Sebagai tokoh pesantren, TGH. Hardiyatullah dengan lapang dada menerima silaturahmi dari calon kepala daerah yang datang, tanpa membedakan partai maupun latar belakang. Namun niat tulus itu justru dipandang berbeda oleh penguasa saat itu. Upaya menggagalkan silaturahmi dilakukan, sehingga muncul kesadaran baru bahwa selama ini pesantren sering hanya dijadikan alat politik, bukan mitra sejati dalam pembangunan. Dari pengalaman pahit itu, semangat beliau untuk terjun ke dunia politik semakin kokoh.

Menapaki Jalan Politik (2014)

Tahun 2014 menjadi titik balik. Pada pemilu legislatif, TGH. Hardiyatullah maju sebagai calon anggota DPRD Lombok Barat melalui Partai Kebangkitan Bangsa (PKB). Dengan modal pengalaman dakwah, kiprah di pesantren, serta kedekatan dengan masyarakat, beliau dipercaya oleh rakyat untuk menjadi wakil mereka di parlemen daerah.

Kemenangan itu menjadi bukti bahwa politik bisa menjadi sarana ibadah. Bagi beliau, menjadi anggota dewan bukan sekadar meraih jabatan, melainkan wujud tanggung jawab untuk memperjuangkan aspirasi umat dan memastikan kebijakan berpihak pada rakyat kecil.

Dari Pesantren untuk Masyarakat

Sejak itu, jalan dakwah dan politik beliau berjalan beriringan.
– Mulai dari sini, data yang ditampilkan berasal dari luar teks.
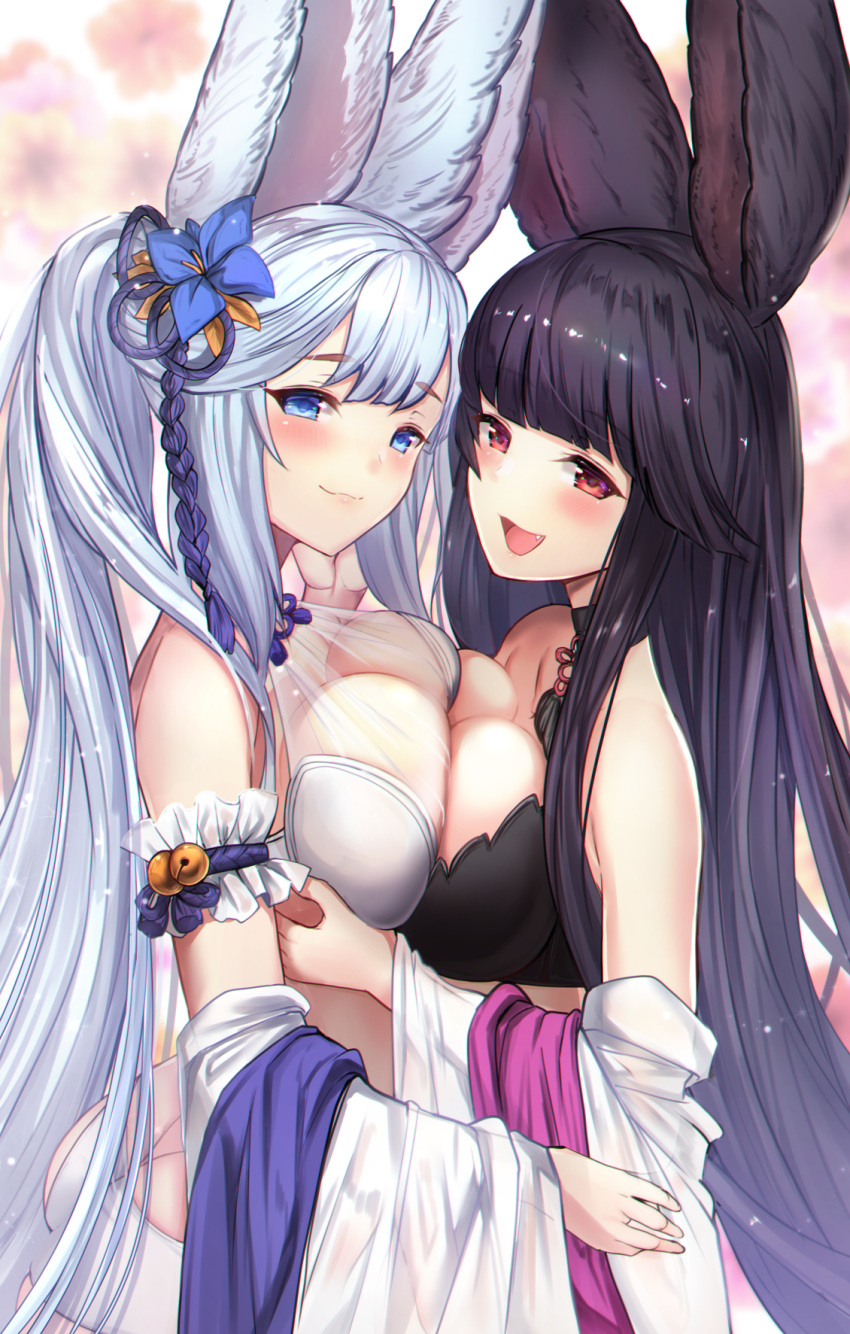 2girls animal_ears bangs bare_shoulders bell black_hair blue_eyes blush breast_press breasts cleavage commentary_request detached_sleeves erune fang fox_ears fox_tail granblue_fantasy hair_bell hair_ornament highres jingle_bell large_breasts long_hair looking_at_viewer multiple_girls open_mouth red_eyes see-through silver_hair smile socie_(granblue_fantasy) symmetrical_docking tail untsue very_long_hair yuel_(granblue_fantasy)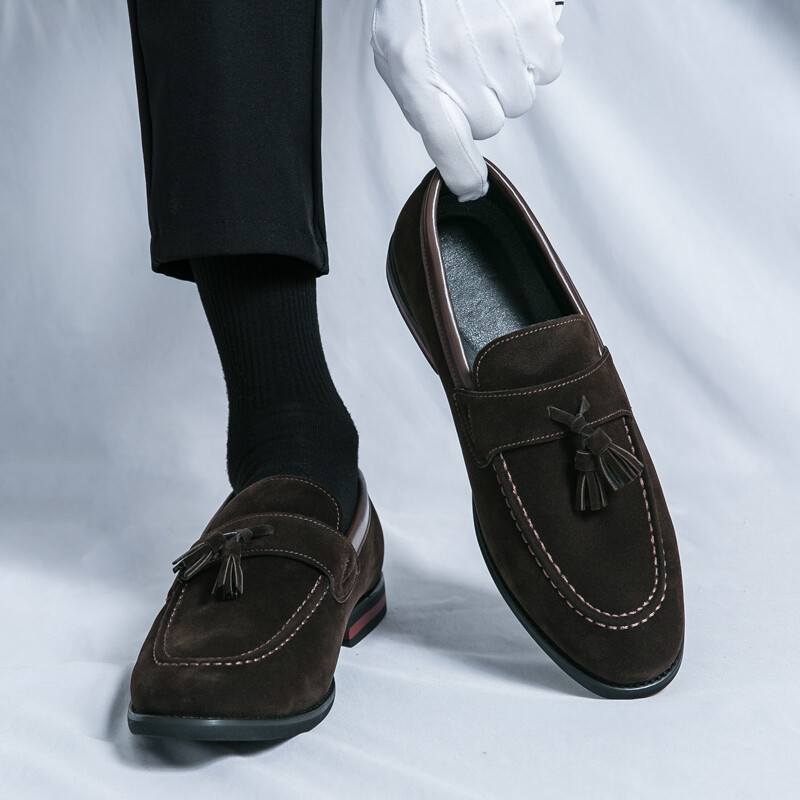 Ανδρικά νέα Suede Eather Παπούτσια Καφέ Φούντα Ανδρικά Loafers Vintage slip-on Casua Ανδρικά παπούτσια Commerce Leisure Outdoor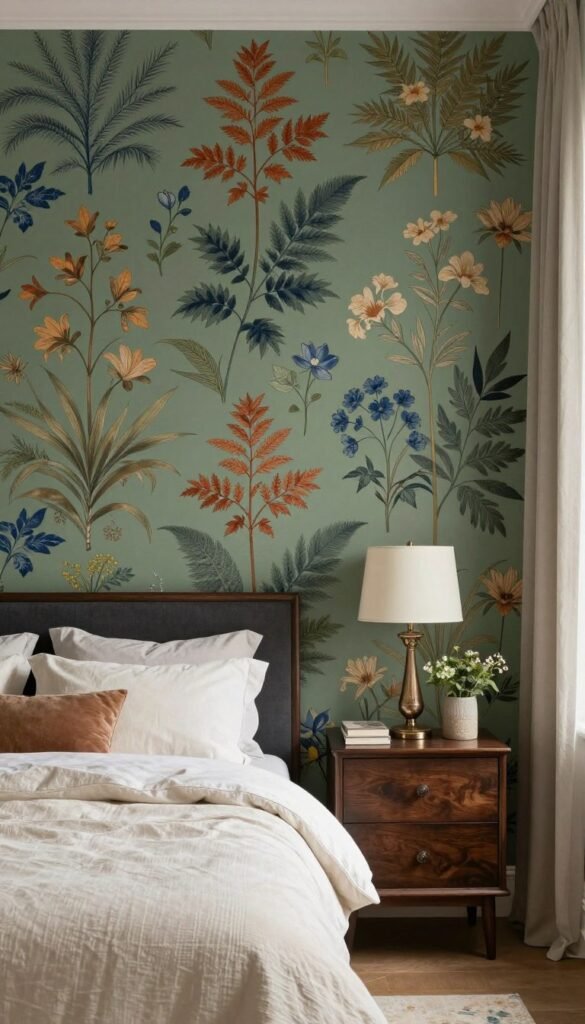 Arts Crafts Victorian wallpaper in a bedroom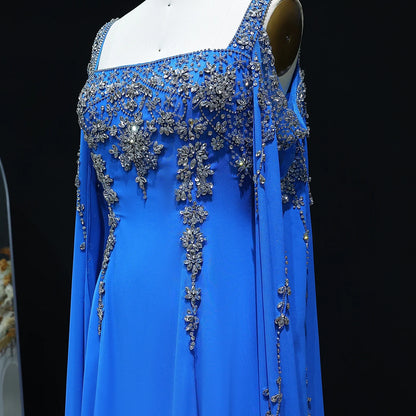 Yellow Blue Crystal Evening Gown with Flowing Cape Sleeve — Arabic Luxury — Riviera Couture GCC Luxury Evening Gown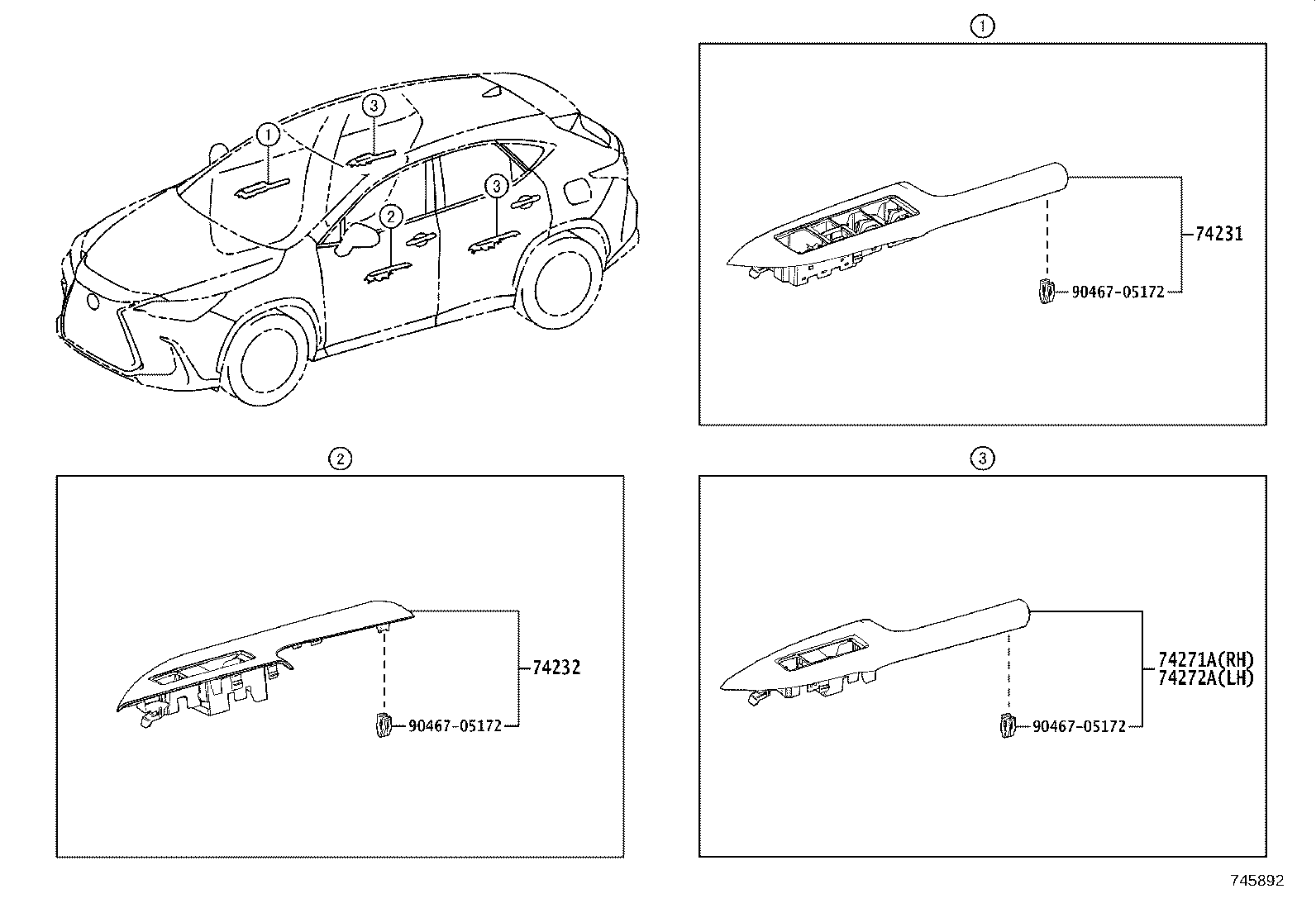 74232-78010 PANEL, FRONT ARMREST BASE, UPPER LH product image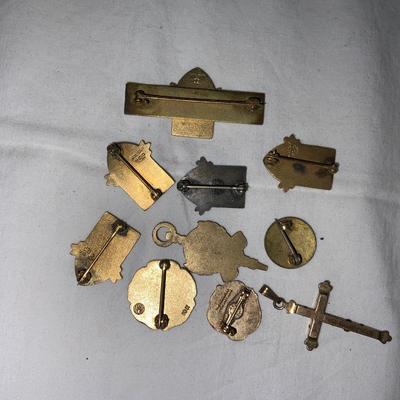 Lot of Misc Gold toned Service Pins and more
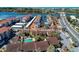 Aerial view of waterfront community, highlighting a specific building at 1618 Stickney Point Rd # 1618-202, Sarasota, FL 34231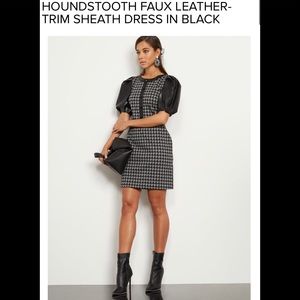 Houndstooth faux leather trim sheath black dress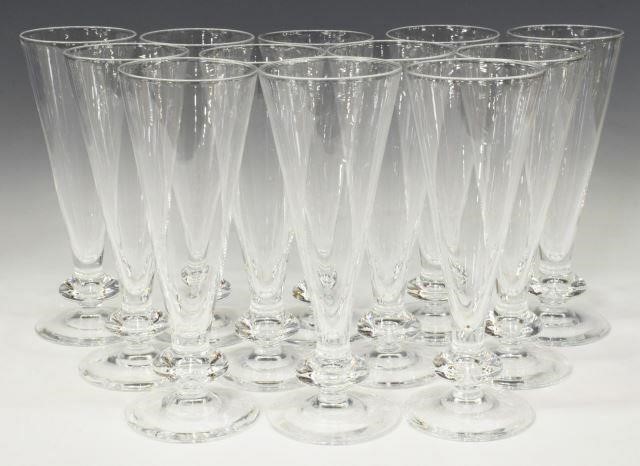 (12) STEUBEN 'TRUMPET' GLASS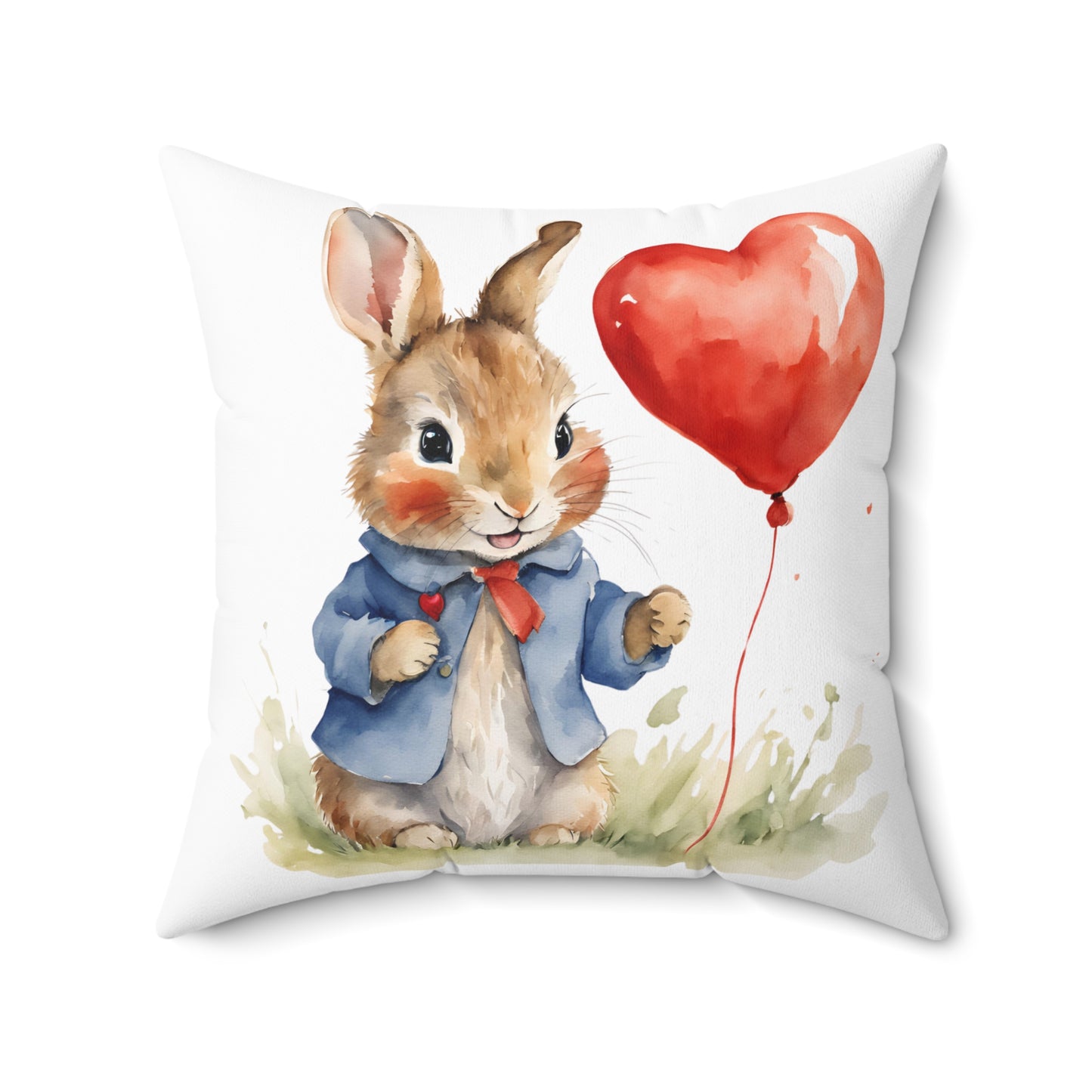 Peter Rabbit Love Valentine's Day Square Pillow, Beatrix Potter Nursery Decor Cushion, Library, Book Nook, Pillow
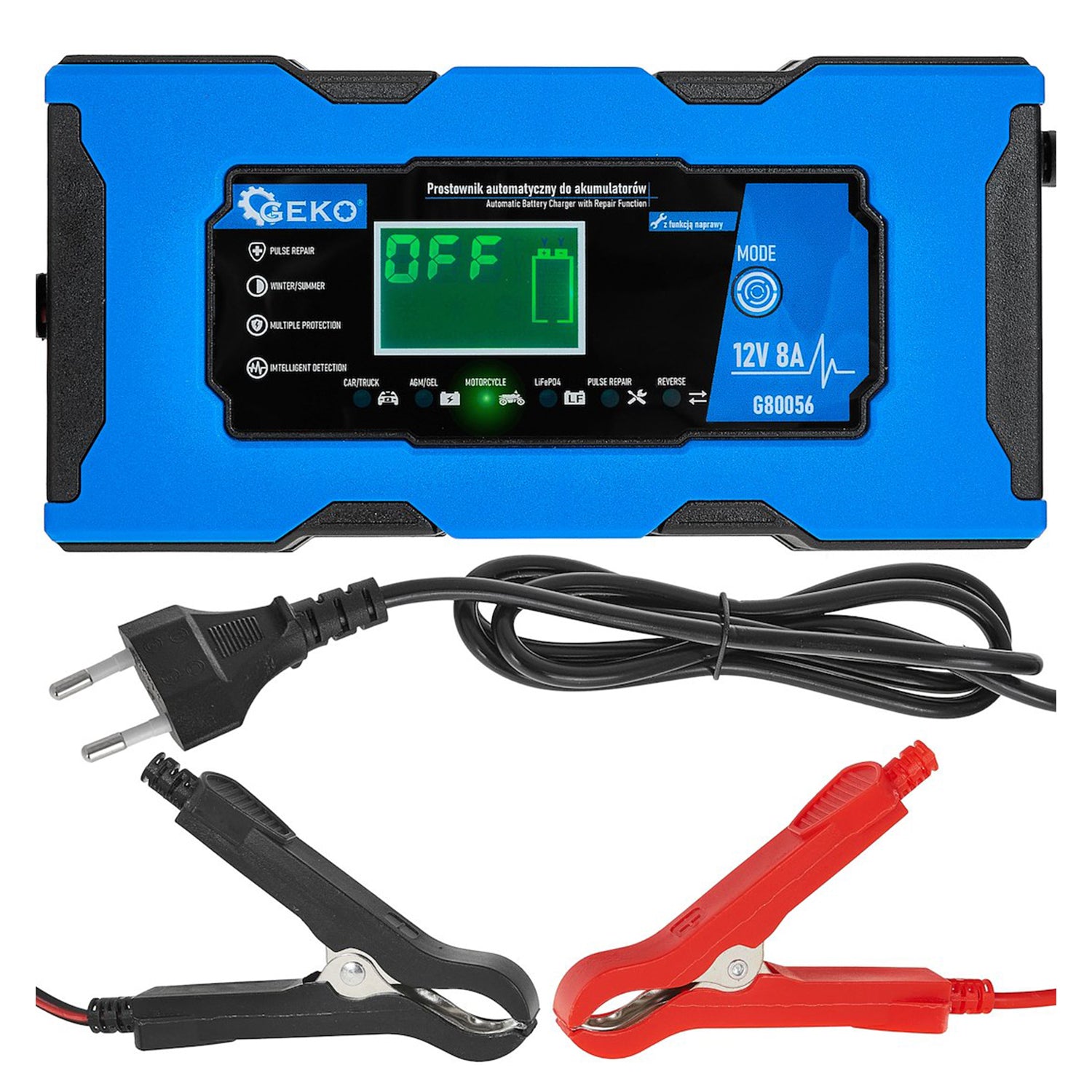 REDRESOR BATERIE AUTO MOTO CU AFISAJ DIGITAL LCD 12V 8A CU FUNCTIE DE REPARARE GEKO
Pesantren tetap menjadi pusat pembinaan, sementara parlemen menjadi ruang perjuangan kebijakan. Kombinasi keduanya menjadikan TGH. Hardiyatullah sosok yang konsisten menjembatani kepentingan umat dengan pemerintah.

Perjalanan panjang ini menunjukkan bahwa politik tidak harus kering dari nilai spiritual. Sebaliknya, ketika dijalani dengan niat yang tulus, politik dapat menjadi alat untuk membumikan dakwah dan mewujudkan kesejahteraan masyarakat.